Op veel plaatsen in België is het traditie om je huisdier op Dierendag te laten zegenen. In Brussel gaf pater Defoort allerhande viervoeters de zegen: “Huisdieren brengen mensen samen.”
De afgelopen vijf jaar heeft pater Walbert Defoort alle mogelijke dieren besprenkeld met zijn wijwaterkwast: van honden en katten tot slangen en chinchilla’s. Ook afgelopen Dierendag stond hij, ondanks het coronavirus, op het Brusselse Vossenplein om alles met een vacht, veren of schubben te zegenen.
“De kapucijnen doen dat sinds 1932 op het feest van Sint Franciscus”, vertelt hij. Franciscus van Assisi is patroonheilige van de dieren vanwege zijn hart voor dier en natuur. Dat uitte hij onder meer in zijn gebeden, zoals het wereldberoemde Zonnelied, het loflied op de schepselen.

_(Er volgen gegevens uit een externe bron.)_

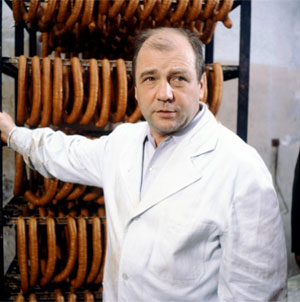 фото Бруно Даллански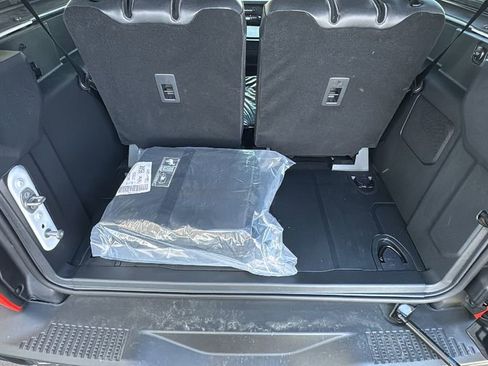 New 2025 Ford Bronco Stroppe Edition AWD/4WD image 17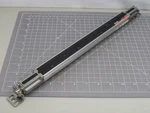 Keyence SL-V10L-T Light Curtain Transmitter T154187 Used. Price: $74.99.
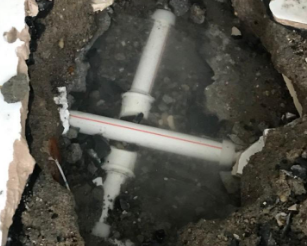 临渭卫生间防水电话号码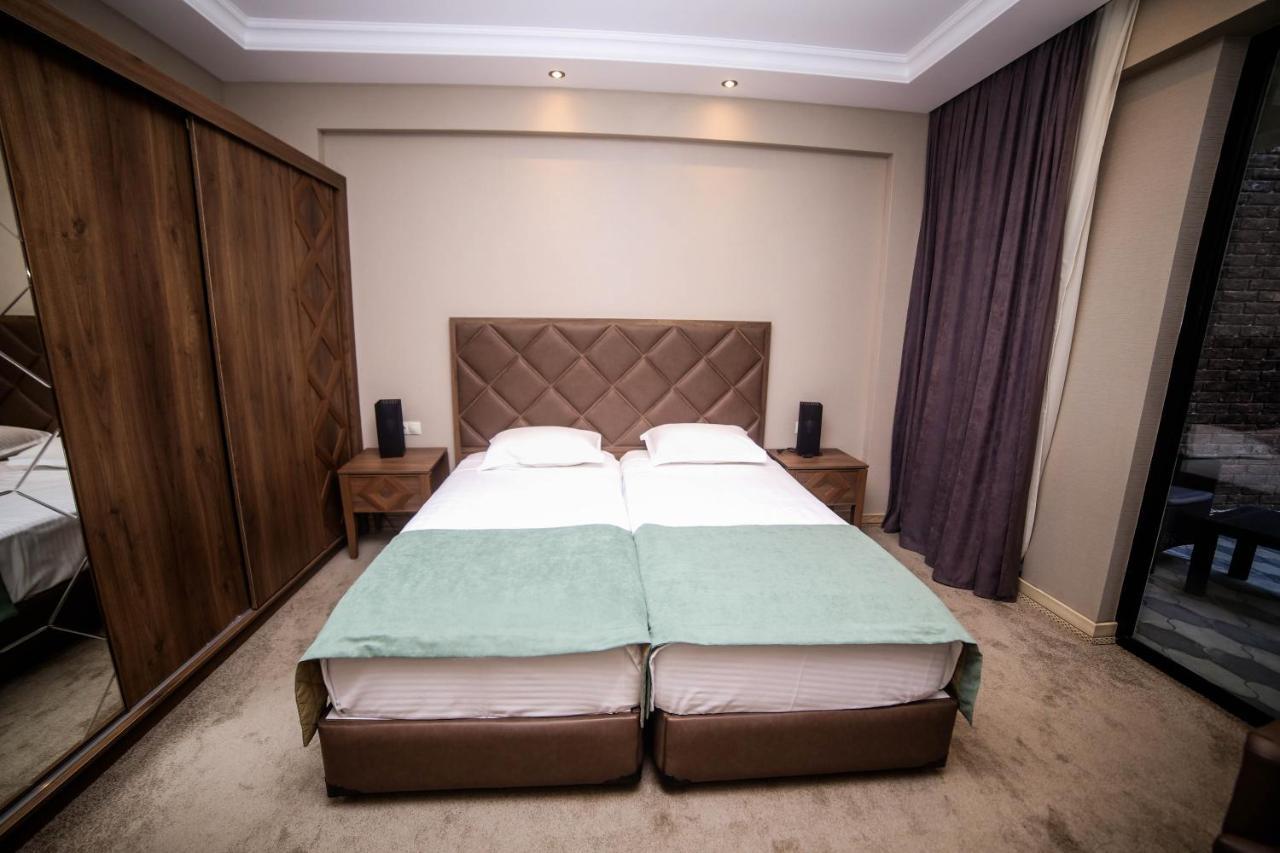 Boutique Mimino Hotel Tbilisi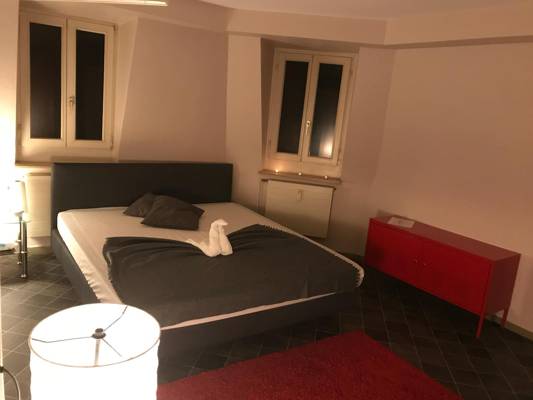 Sex Club Edelweiss Basel (Basilea, Suiza)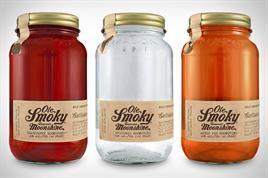Ole Smoky Moonshine Original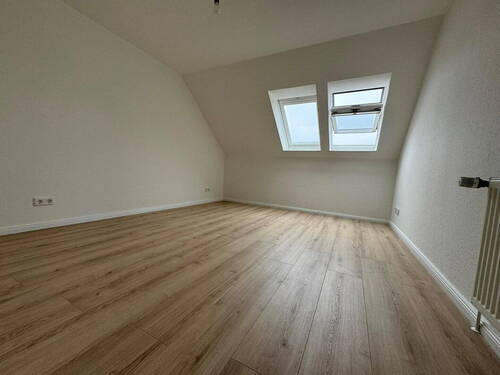 Zimmer im Obergeschoss - 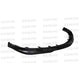 DL-style carbon fiber front lip <br> 2003-2005 Mitsubishi Lancer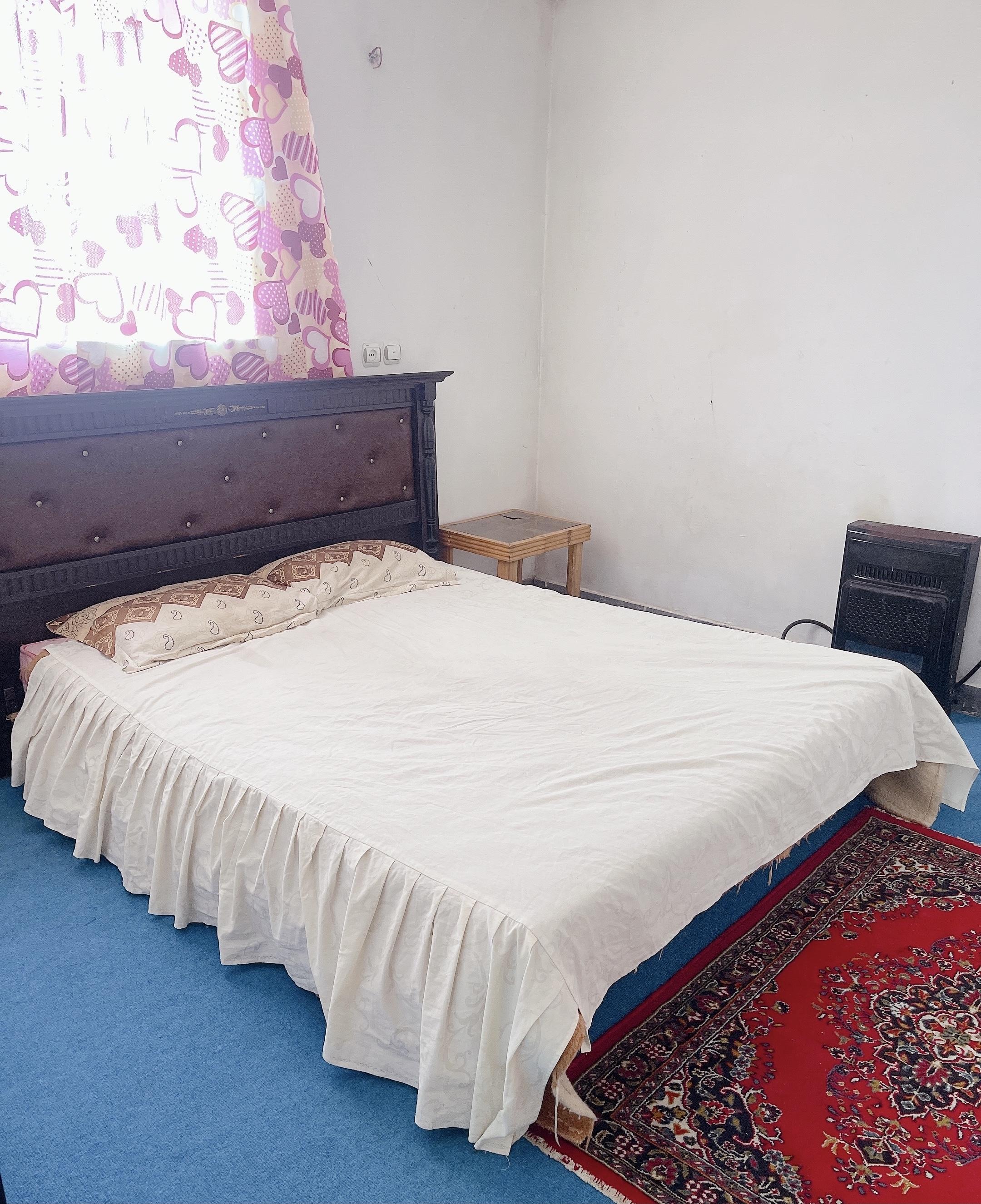 اجاره ویلا دو خواب در اطراف ساری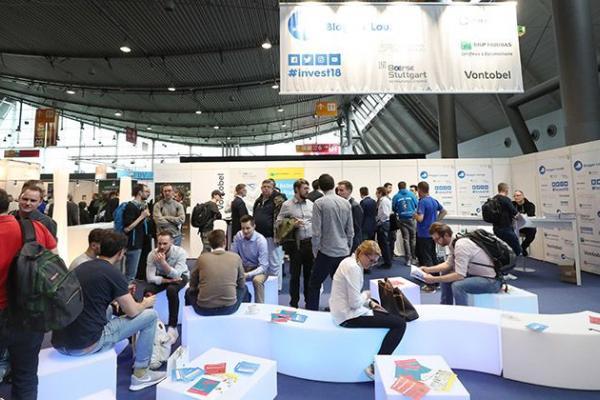 LIBERTEX to hit the stage in Invest Kongress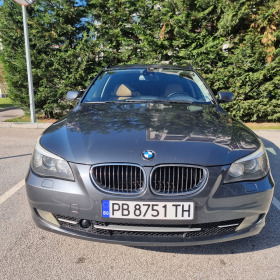 BMW 530 Facelift xdrive , снимка 1 - Автомобили и джипове - 46020232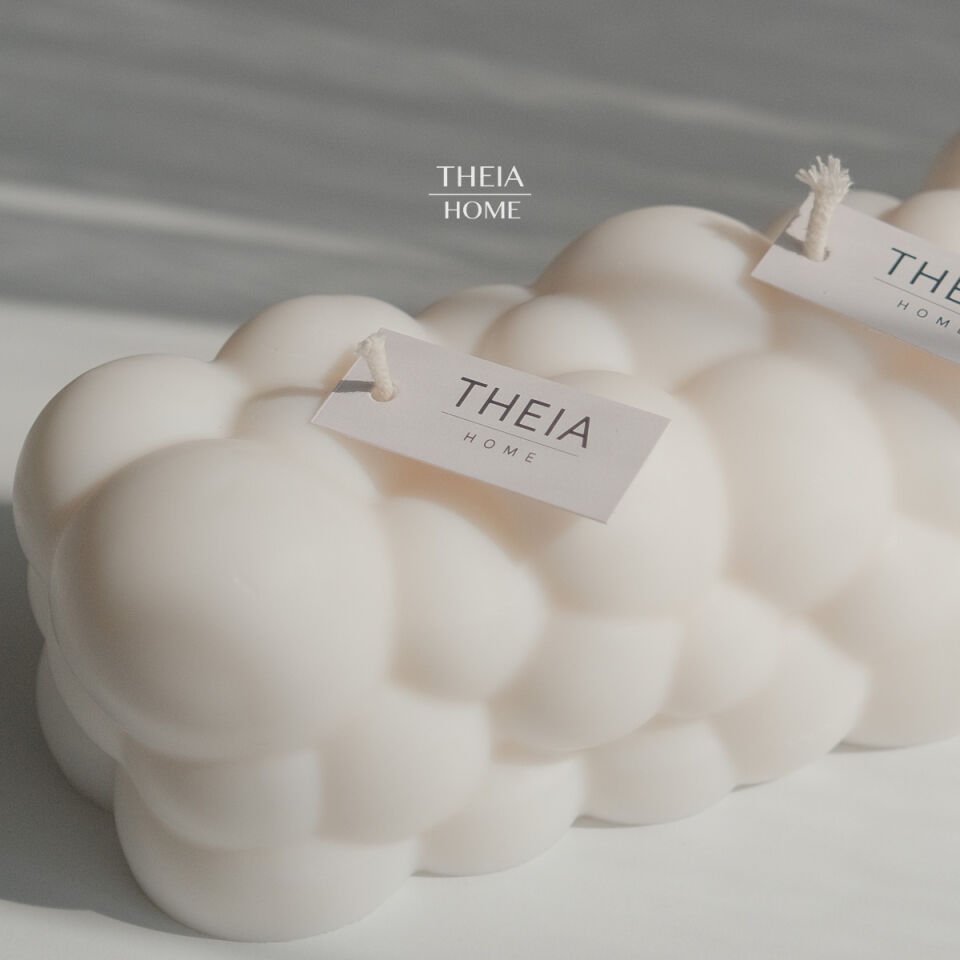 Donut Model Soya Mum – Vanilya Kokulu & Vegan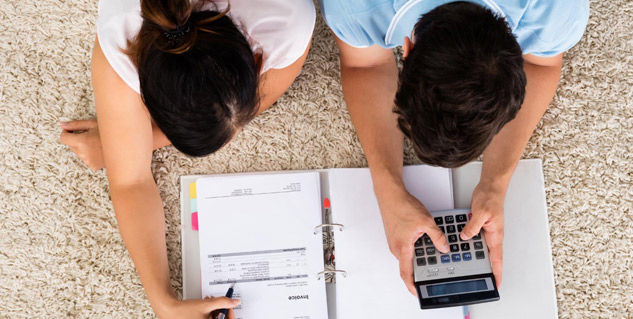 financial responsibility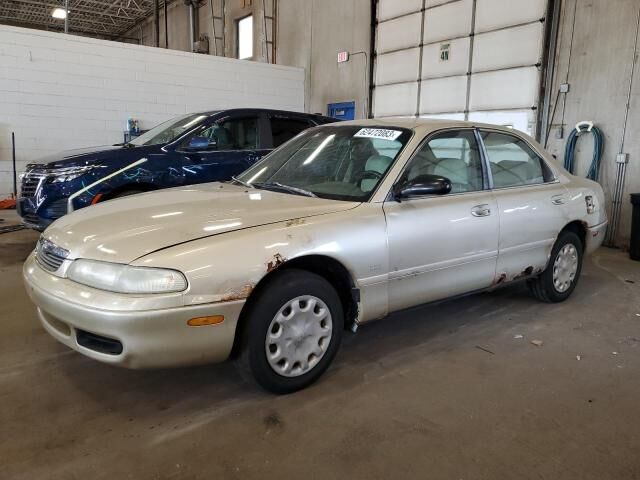 Mazda 626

Pater Defoort schenkt tijdens de dierenzegening ook aandacht aan de heilige Franciscus. “Gewoonlijk begin ik met een gebed van Franciscus”, zegt hij.
Gezelschapsdieren zijn voor veel mensen belangrijk, meent pater Defoort: “Ik denk dat veel eenzame, vaak oudere of zieke mensen veel waarde hechten aan hun dier. Met een dier bestrijden ze de eenzaamheid.”
De dierenzegening op het Vossenplein is ook een sociaal gebeuren. “Ontmoeting is een belangrijk onderdeel van de zegening”, legt Defoort uit. “De samengekomen mensen maken kennis met elkaar aan de hand van hun dieren. Ze stellen elkaar vragen en vertellen verhalen. Op die manier brengen huisdieren mensen samen.”
De mensen laten pater Defoort hun huisdier zegenen voor bescherming en voorspoed. “Zegenen komt van benedicere, ‘het goede zeggen’”, legt Defoort uit. “Met de zegen wens ik namens God al het goede aan de dieren en de mensen.”
De dierenzegening wordt jaarlijks druk bezocht: volgens Defoort komen mensen zelfs vanuit Nederland naar Brussel om hun dier te laten zegenen. De zegening mocht ondanks de coronamaatregelen dit jaar doorgaan, maar weliswaar met veel minder dierenliefhebbers.
Ook bij de zegening werd de veiligheid in acht gehouden. “De honden hoefden geen mondkapje te dragen”, grapt Defoort, “maar de mensen wel.”